NJ-based Seaboard Securities, along with 2 Registered Principals and an RR, settled FINRA charges they participated in the illegal sale of unregistered, thinly-traded securities for firm customers.  Customers reaped proceeds of over $3.8 million, the firm earned $400,000 in gross commissions. 

    Seaboard's Sanctions.  (i) $125,000 fine;  (ii) Retain an independent consultant to conduct a comprehensive review of the adequacy of the firm’s AML program and its pols, systems and procedures, and training re: determining whether securities are freely tradable.  (iii) Consultant will report to FINRA on these issues and make recommendations.  (iv) Firm will submit to FINRA a certified written implementation plan based on consultant’s final recommendations. Until written implementation report is submitted, firm is prohibited from selling any securities deposited in certificate form or by Deposit Withdrawal At Custodian (DWAC), unless stock has been held in an account at the firm for at least 1 year - and firm retains opinion from outside counsel that stock may be sold in compliance with Section 5 of the Securities Act of 1933.
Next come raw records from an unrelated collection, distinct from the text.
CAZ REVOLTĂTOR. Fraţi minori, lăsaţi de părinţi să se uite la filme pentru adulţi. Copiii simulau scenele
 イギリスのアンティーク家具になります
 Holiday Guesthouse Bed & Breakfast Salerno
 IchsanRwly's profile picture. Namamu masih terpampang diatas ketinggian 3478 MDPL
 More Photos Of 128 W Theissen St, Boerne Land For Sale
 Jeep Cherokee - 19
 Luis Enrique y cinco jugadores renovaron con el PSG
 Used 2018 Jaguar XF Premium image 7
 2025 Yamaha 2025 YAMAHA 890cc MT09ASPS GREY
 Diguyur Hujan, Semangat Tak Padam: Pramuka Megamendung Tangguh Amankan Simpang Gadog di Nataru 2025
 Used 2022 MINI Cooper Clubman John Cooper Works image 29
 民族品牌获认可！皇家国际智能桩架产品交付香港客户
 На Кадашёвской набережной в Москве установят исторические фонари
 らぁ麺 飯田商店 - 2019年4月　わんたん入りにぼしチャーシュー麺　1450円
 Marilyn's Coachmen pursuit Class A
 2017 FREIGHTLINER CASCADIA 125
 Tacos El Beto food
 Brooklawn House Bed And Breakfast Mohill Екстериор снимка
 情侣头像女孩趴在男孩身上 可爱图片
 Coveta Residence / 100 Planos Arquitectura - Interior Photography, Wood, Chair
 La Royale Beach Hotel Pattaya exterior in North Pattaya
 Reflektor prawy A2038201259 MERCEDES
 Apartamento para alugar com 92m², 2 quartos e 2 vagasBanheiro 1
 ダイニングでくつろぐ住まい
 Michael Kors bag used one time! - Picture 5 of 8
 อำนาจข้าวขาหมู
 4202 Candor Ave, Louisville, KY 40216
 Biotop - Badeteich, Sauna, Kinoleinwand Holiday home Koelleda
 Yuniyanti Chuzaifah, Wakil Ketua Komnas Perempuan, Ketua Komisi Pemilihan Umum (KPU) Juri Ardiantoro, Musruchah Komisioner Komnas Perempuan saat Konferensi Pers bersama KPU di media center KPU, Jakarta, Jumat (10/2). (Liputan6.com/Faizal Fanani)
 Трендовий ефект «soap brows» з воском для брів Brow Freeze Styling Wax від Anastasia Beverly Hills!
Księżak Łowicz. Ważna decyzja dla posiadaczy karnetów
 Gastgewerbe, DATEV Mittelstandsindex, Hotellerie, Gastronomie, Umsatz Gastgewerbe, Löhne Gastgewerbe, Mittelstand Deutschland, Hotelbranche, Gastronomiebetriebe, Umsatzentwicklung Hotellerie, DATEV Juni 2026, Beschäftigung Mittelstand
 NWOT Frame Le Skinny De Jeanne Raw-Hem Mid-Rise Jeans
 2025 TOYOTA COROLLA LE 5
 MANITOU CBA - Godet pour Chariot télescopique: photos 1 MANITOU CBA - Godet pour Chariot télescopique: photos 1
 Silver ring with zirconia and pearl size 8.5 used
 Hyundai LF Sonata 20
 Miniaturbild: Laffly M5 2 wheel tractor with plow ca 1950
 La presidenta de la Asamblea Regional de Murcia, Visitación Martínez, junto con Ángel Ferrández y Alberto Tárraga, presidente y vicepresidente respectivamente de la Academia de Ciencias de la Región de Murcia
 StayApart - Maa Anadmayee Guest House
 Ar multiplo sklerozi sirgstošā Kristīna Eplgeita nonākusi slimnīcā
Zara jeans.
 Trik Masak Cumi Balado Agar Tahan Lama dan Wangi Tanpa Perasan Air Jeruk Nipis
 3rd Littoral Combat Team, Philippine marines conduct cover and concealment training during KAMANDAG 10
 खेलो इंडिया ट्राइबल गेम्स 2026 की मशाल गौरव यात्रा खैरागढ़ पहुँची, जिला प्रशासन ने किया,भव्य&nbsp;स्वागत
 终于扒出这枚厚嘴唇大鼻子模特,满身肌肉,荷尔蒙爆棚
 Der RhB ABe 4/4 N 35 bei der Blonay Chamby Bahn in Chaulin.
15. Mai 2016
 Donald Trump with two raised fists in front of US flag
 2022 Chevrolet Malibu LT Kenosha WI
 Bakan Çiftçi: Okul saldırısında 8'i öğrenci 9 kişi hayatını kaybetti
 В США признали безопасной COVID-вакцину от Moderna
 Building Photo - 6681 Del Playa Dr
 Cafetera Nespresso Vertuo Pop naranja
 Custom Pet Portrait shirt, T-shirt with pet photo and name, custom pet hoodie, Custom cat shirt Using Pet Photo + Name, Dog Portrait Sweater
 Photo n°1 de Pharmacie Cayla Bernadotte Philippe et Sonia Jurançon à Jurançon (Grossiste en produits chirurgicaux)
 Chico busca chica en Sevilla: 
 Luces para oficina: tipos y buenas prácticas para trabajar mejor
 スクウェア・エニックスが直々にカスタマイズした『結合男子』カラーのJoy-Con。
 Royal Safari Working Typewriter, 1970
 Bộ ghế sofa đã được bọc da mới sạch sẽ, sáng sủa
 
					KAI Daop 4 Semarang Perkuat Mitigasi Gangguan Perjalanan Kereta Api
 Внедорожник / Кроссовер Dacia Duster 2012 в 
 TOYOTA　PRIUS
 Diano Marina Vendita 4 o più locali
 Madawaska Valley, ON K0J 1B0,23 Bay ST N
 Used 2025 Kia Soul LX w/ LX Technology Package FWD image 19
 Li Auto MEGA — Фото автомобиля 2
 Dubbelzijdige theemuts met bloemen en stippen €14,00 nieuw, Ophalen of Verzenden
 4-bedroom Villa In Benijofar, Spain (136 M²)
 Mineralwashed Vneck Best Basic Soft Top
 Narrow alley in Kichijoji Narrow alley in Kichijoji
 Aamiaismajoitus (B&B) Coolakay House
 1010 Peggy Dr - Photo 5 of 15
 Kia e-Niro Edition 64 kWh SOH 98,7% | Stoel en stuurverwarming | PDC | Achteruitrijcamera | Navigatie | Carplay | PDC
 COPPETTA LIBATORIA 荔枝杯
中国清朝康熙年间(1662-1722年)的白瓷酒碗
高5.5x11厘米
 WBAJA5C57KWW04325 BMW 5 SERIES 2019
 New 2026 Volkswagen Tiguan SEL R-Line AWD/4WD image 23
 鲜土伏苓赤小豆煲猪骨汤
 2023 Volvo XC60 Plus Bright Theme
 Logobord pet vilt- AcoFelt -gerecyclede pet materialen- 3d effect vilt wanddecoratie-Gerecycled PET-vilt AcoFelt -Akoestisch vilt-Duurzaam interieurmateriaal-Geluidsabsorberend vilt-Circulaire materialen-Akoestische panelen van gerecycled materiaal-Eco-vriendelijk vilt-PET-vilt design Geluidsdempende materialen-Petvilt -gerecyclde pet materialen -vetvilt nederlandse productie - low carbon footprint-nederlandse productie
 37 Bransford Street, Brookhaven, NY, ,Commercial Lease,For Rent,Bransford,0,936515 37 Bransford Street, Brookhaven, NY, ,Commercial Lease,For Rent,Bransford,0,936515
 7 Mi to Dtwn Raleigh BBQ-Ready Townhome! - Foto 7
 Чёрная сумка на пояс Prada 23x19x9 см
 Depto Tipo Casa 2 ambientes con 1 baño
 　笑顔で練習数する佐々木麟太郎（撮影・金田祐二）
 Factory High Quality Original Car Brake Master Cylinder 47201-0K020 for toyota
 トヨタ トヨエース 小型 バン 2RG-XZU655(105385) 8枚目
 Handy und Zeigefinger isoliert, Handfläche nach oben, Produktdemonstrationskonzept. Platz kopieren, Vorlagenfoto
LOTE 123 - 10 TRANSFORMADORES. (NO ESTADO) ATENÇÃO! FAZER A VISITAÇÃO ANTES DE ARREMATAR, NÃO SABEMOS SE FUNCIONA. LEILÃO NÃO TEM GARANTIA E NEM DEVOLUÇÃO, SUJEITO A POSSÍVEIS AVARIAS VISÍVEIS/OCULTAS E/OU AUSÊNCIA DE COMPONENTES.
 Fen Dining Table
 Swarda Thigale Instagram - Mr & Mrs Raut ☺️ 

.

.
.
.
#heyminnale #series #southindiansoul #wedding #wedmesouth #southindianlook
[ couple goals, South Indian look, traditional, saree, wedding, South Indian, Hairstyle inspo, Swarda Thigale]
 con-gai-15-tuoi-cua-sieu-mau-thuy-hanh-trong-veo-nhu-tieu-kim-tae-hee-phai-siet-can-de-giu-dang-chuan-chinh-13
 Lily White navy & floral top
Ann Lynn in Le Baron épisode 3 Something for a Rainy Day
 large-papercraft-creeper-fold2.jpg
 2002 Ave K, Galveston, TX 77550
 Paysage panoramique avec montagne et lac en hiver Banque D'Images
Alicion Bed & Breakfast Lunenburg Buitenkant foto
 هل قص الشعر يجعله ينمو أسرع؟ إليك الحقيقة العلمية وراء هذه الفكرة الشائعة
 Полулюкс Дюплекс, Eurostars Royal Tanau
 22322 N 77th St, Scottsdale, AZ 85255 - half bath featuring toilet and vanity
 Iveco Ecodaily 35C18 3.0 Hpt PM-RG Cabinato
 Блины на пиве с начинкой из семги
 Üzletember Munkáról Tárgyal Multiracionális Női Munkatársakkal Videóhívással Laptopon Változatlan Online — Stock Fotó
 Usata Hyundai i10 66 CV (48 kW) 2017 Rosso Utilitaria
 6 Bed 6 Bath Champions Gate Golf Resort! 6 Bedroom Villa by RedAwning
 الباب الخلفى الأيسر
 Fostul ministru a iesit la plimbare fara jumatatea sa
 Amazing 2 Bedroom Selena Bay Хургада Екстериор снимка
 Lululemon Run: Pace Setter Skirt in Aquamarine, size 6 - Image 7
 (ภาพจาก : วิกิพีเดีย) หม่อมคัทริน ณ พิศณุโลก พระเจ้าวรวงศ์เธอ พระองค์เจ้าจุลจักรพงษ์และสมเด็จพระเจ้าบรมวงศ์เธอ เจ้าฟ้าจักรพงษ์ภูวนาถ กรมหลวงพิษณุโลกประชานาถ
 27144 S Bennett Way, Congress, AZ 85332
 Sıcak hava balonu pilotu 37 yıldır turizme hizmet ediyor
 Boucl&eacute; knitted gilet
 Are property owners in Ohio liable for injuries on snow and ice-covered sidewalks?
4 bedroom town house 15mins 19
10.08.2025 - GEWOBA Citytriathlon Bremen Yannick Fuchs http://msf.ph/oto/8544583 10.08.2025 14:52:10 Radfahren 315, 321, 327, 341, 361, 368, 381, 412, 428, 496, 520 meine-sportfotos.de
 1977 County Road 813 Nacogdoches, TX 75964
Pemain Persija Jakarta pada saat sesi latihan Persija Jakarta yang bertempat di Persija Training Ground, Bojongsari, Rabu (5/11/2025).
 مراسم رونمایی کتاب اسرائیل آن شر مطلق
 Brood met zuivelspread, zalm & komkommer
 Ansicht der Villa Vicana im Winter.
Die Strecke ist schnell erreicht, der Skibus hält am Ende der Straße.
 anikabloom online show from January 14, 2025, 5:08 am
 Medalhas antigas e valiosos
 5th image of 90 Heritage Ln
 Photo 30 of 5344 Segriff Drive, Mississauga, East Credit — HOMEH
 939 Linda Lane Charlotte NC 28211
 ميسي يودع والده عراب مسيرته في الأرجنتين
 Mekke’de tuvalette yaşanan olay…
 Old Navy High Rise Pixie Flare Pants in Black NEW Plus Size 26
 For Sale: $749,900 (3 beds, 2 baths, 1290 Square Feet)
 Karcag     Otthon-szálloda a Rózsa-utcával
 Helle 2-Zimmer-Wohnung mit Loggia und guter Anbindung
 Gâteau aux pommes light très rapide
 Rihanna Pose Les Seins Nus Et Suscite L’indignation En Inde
    Individual Sanctions.   Principal Anthony DiGiovanni Sr. was suspended as principal for 45 days, and is jointly/severally responsible for $10,000 of firm's fine.  Principal/Compliance Officer Sonya Still was suspended as principal for 30 days, and is jointly/severally responsible for $10,000 of firm's fine.  RR Anthony DiGiovanni Jr. will pay $35,000 in fines and disgorgement, and suspended for 45 days.

    Alleged Violative Actions.   By participating in the distribution of unregistered, thinly-traded securities for customers, firm failed to adequately ascertain the registration or exemption status of the shares.  They didn't ask customers how they came into possession of their shares of unregistered stock, their relationships with the relevant issuers, or any other relevant facts or circumstances that could have revealed whether the shares were, in fact, exempt from registration. 

Instead, firm, acting through RR DiGiovanni, accepted the self-serving statements of its customers and counsel that the shares were exempt.  Firm, acting through Principal DiGiovanni, failed to adequately supervise RR DiGiovanni in his participation in the sales of unregistered securities.  Principal DiGiovanni reviewed the firm’s trade blotters on a daily basis and was aware of the customers’ trading activity and he approved new account documents that raised red flags - but he failed to take any action to investigate or prevent the firm’s or DiGiovanni Jr.’s participation in, and illegal sale of, unregistered securities.

The firm, acting through Compliance Officer Still, failed to establish and maintain adequate pols and procedures, including WSP's, for the possible sale of unregistered securities.  Further, Still had failed to develop and implement AML pols and procedures and internal controls reasonably designed to achieve compliance with the Bank Secrecy Act (BSA) and implementing regulations.  Also through Still, firm either failed to identify or ignored red flags involving numerous instances of potentially suspicious activities - and thus didn't investigate or report these activities in accordance with the firm’s WSP's and BSA requirements.  The firm and Still also should have detected the suspicious nature of the customers’ liquidation of their penny stocks, investigated the activity and made the appropriate SAR filings.